- **WHAT TO PRODUCE**:
Exactly the lines from the one containing "2025 Toyota Camry LE" through the final line of the data below, with pictures omitted, make up the answer.

##### DATASET CONTENT

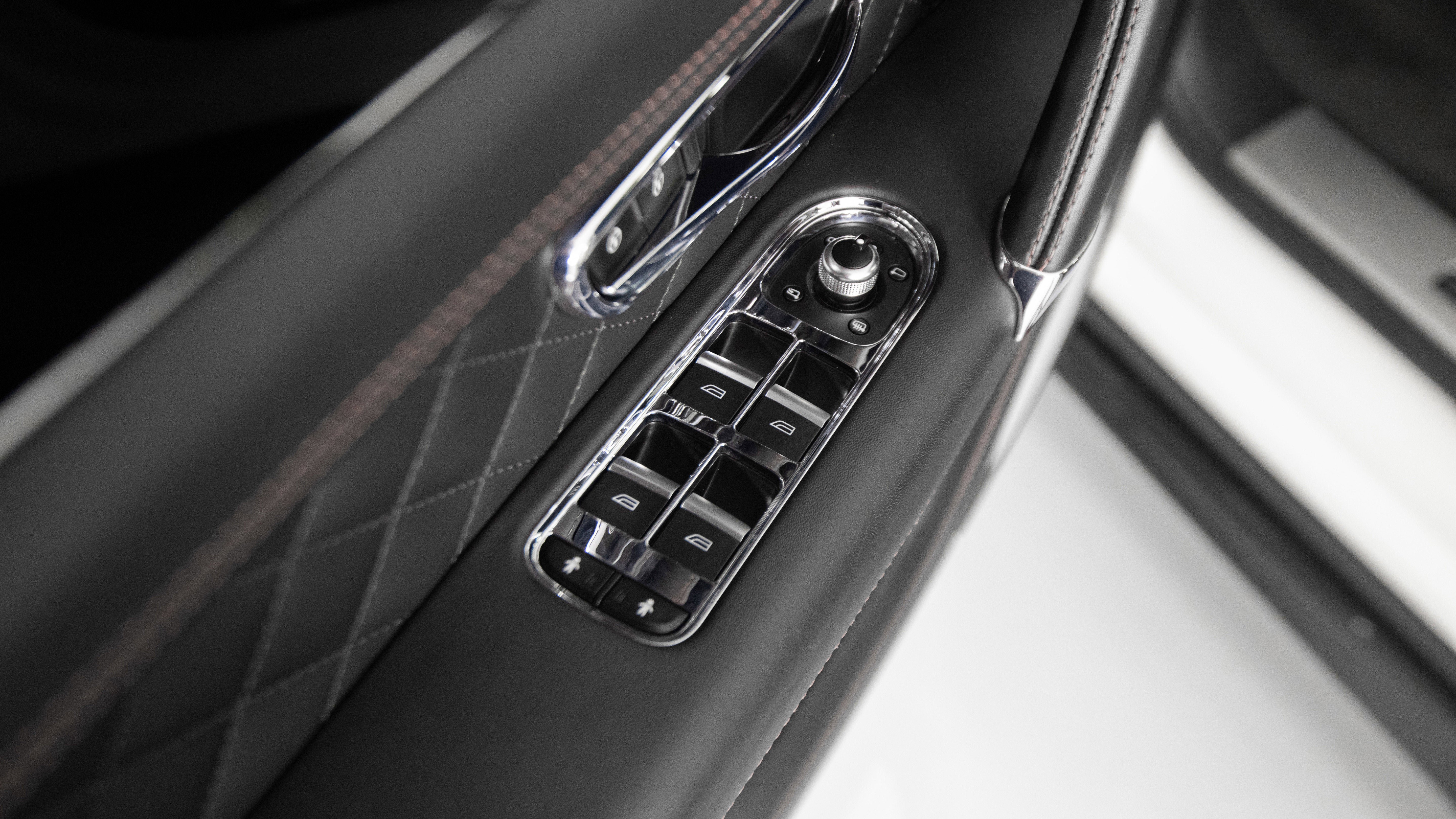 Used 2018 Bentley Bentayga image 36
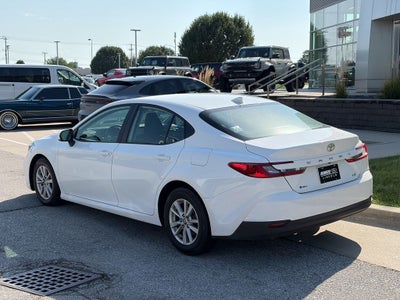 2025 Toyota Camry LE
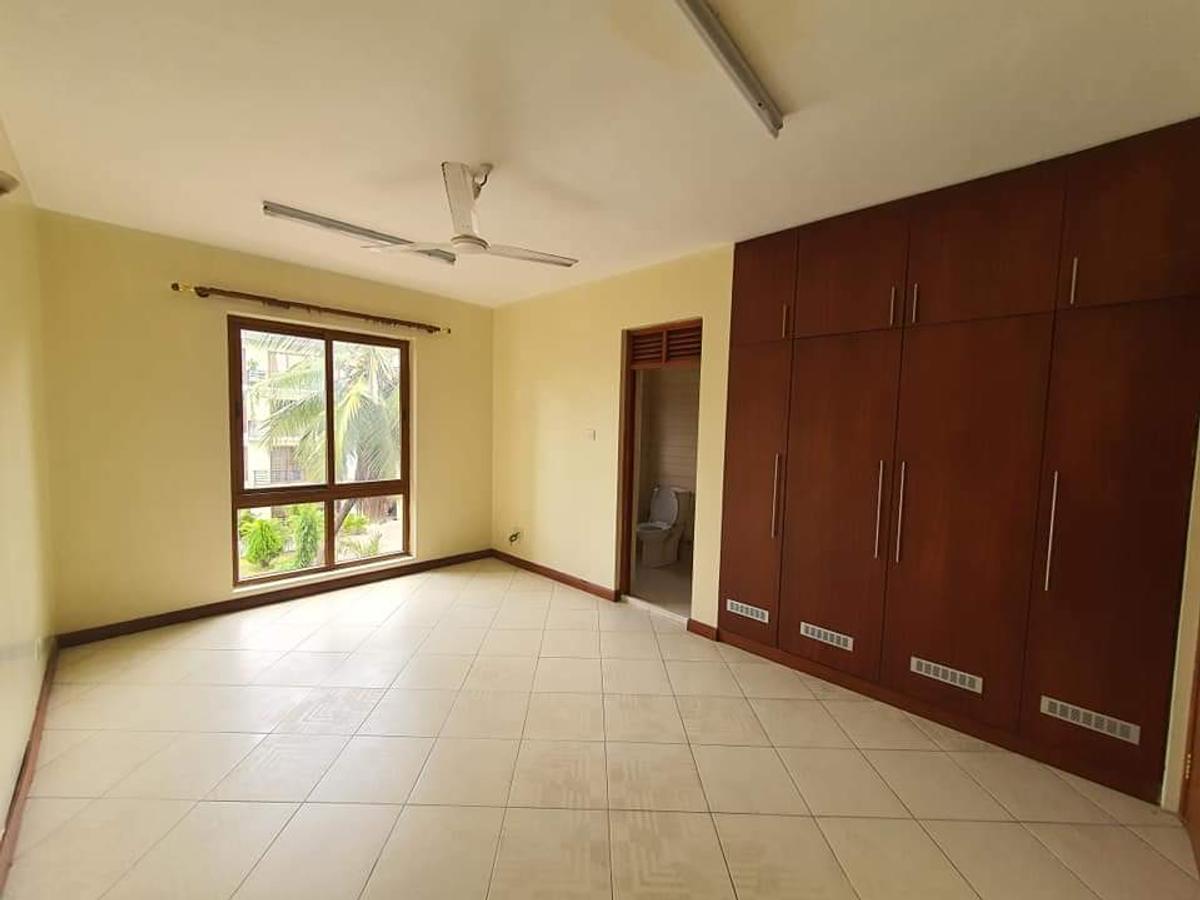 3 Bed Apartment with En Suite at Links Road - 11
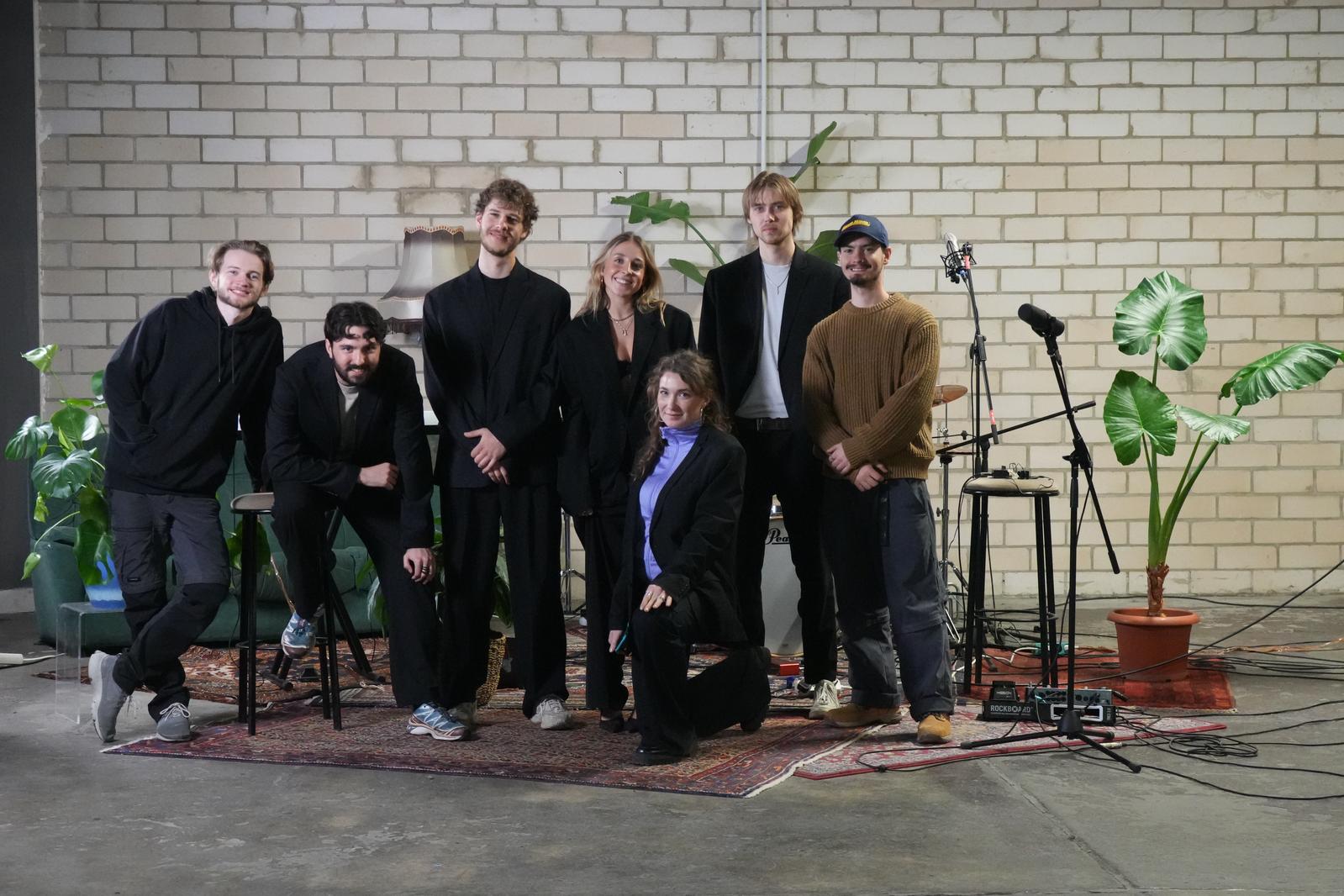 Maia Valentine Live Session Team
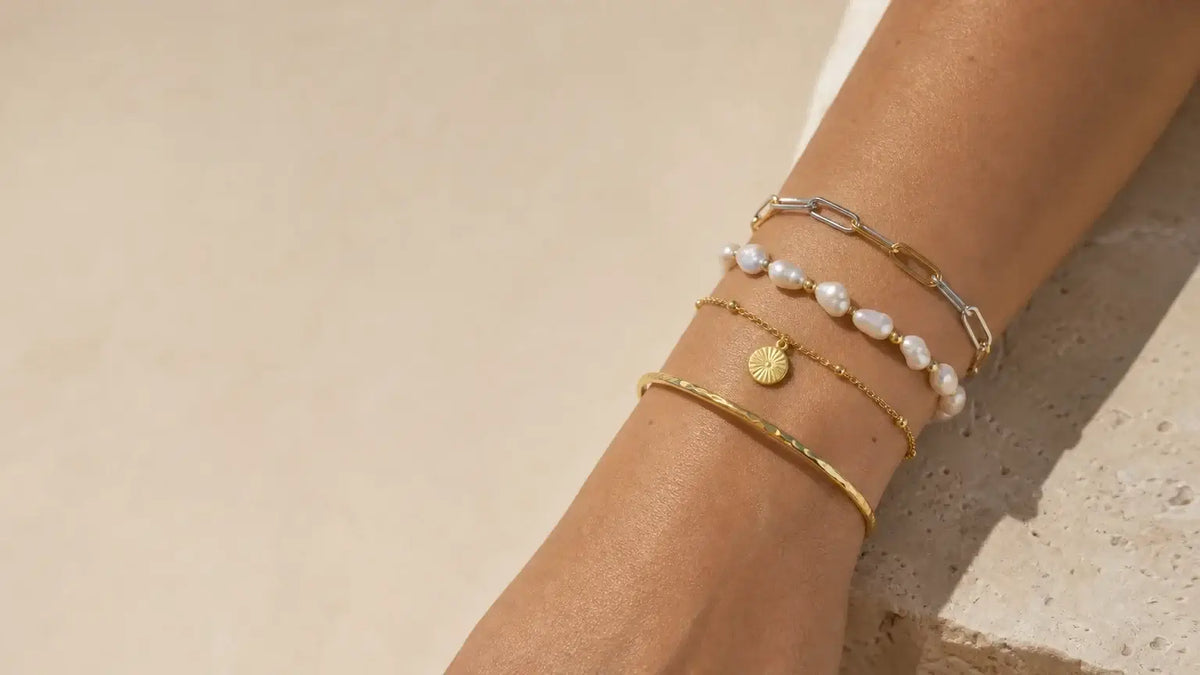 Sélection de bracelets fantaisie tendance en 2026 portés sur un poignet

##########

- **ANSWER SPACE**:
 2025 Toyota Camry LE
 3 Bed Apartment with En Suite at Links Road - 11
 Maia Valentine Live Session Team
 Sélection de bracelets fantaisie tendance en 2026 portés sur un poignet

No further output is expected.